**** Data for this exercise
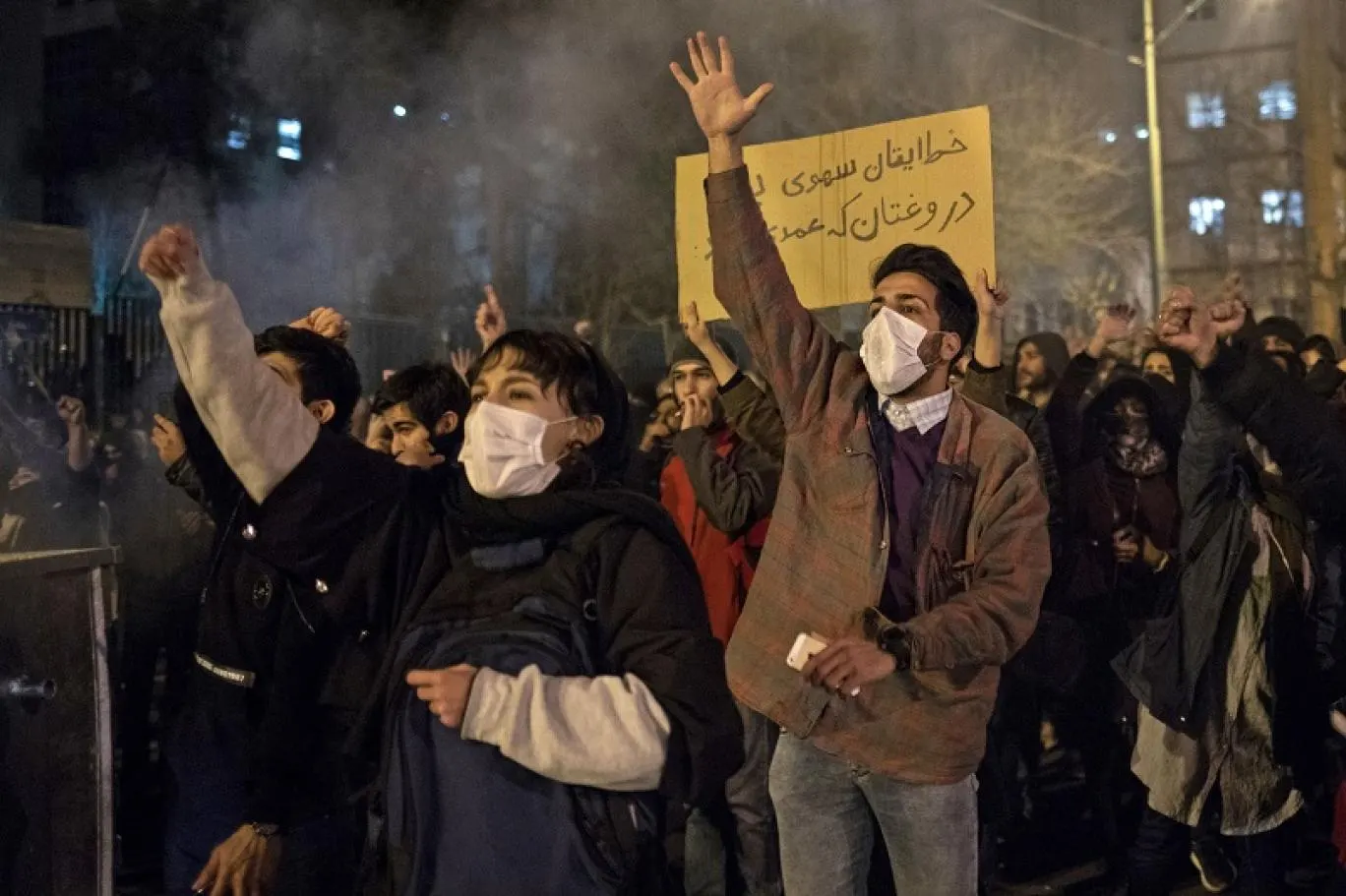 استطلاع.. الإيرانيون يريدون إسقاط الملالي وإقامة نظام ديمقراطي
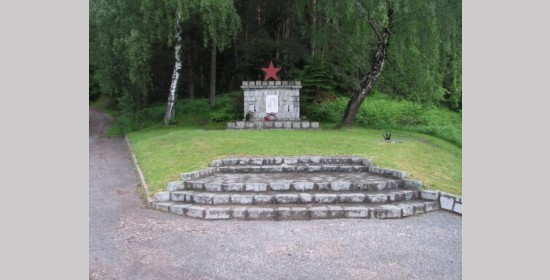 Spomenik NOB Sv. Primož na Pohorju - Slika 1
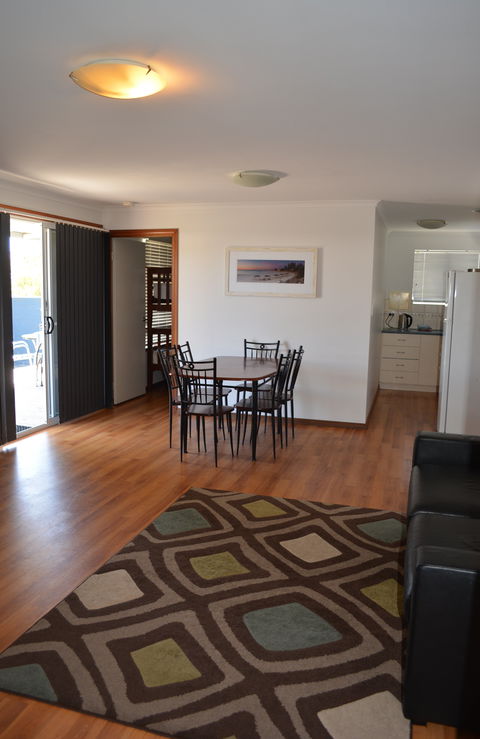 Busselton Holiday Village - Accommodation Gladstone 2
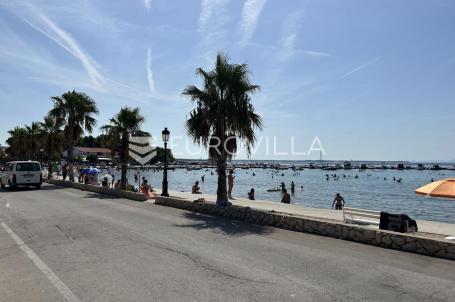 Zadar, Vir, Dvoetažni apartman C2 površine 81,07 m² s pripadajućom krovnom terasom površine 30 m²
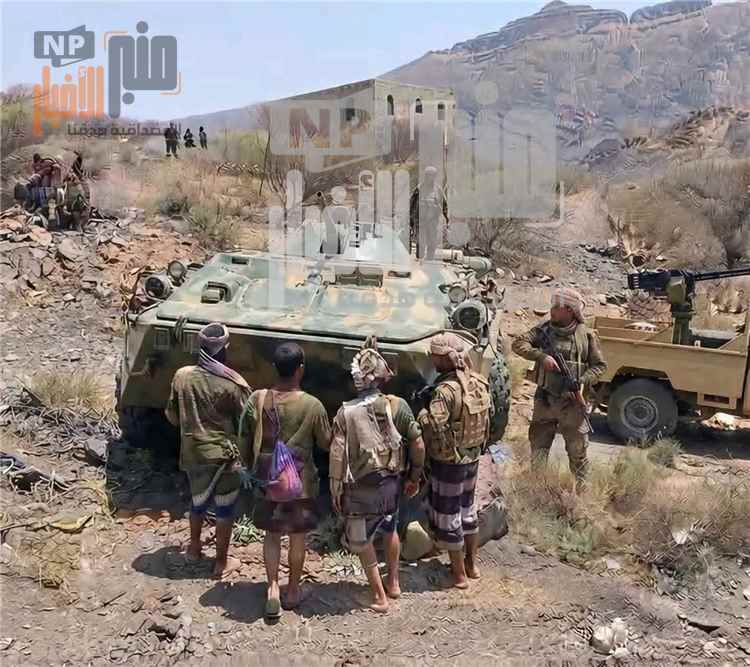 عاجل: غنائم جديدة بيد الجيش في موزع تعز بعد فرار ملي-شيا الح^وثي من مواقعها
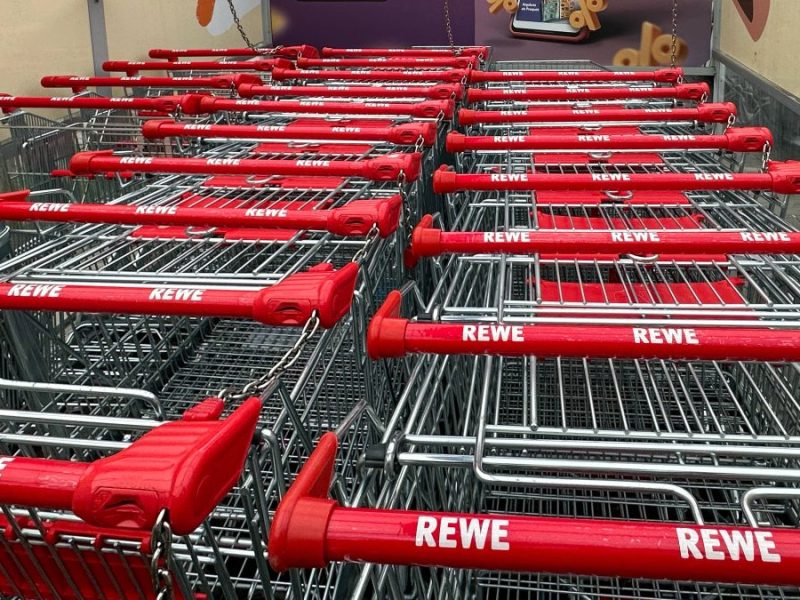 Rewe, Aldi und Co. greifen zu Einkaufswagen-Trick â€“ Kunden merken es nicht!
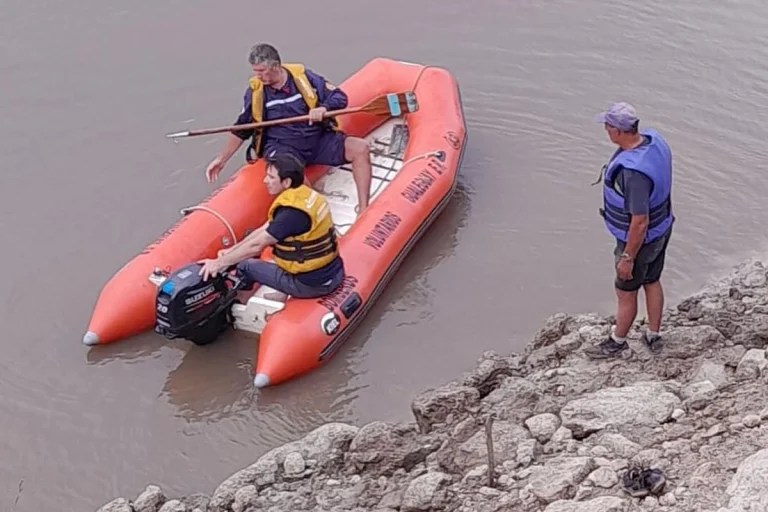 CONTINÚA LA BÚSQUEDA DEL JOVEN QUE DESAPARECIÓ EN EL RÍO GUALEGUAY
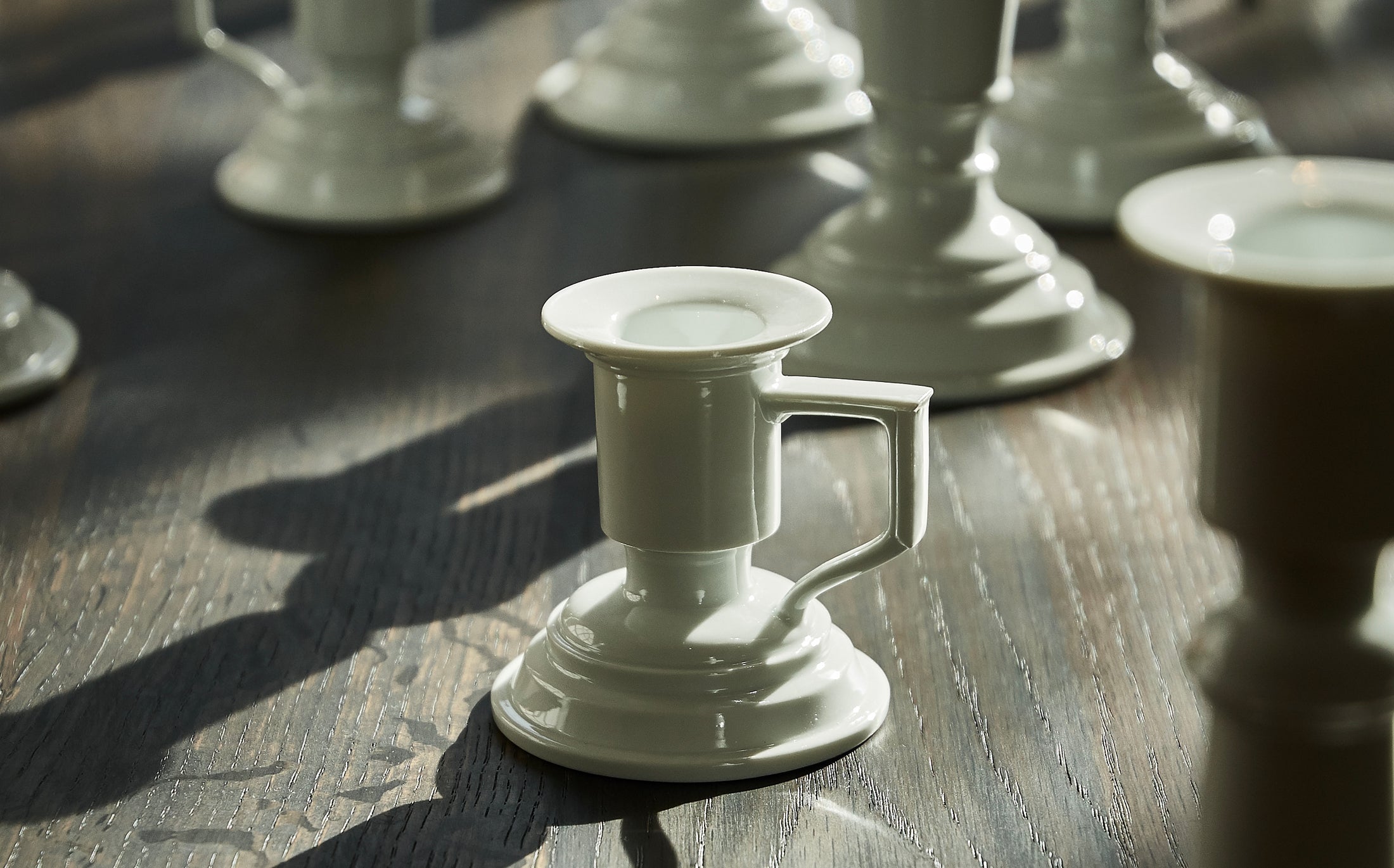 Tamaki - Porcelain White - Candle Stand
********
Every line from the one containing "Spomenik NOB Sv. Primož na Pohorju - Slika 1" through the end of the listing is to be copied exactly; the pictures are not.

*Problem solution*:
 Spomenik NOB Sv. Primož na Pohorju - Slika 1
 Busselton Holiday Village - Accommodation Gladstone 2
 Zadar, Vir, Dvoetažni apartman C2 površine 81,07 m² s pripadajućom krovnom terasom površine 30 m²
 عاجل: غنائم جديدة بيد الجيش في موزع تعز بعد فرار ملي-شيا الح^وثي من مواقعها
 Rewe, Aldi und Co. greifen zu Einkaufswagen-Trick â€“ Kunden merken es nicht!
 CONTINÚA LA BÚSQUEDA DEL JOVEN QUE DESAPARECIÓ EN EL RÍO GUALEGUAY
 Tamaki - Porcelain White - Candle Stand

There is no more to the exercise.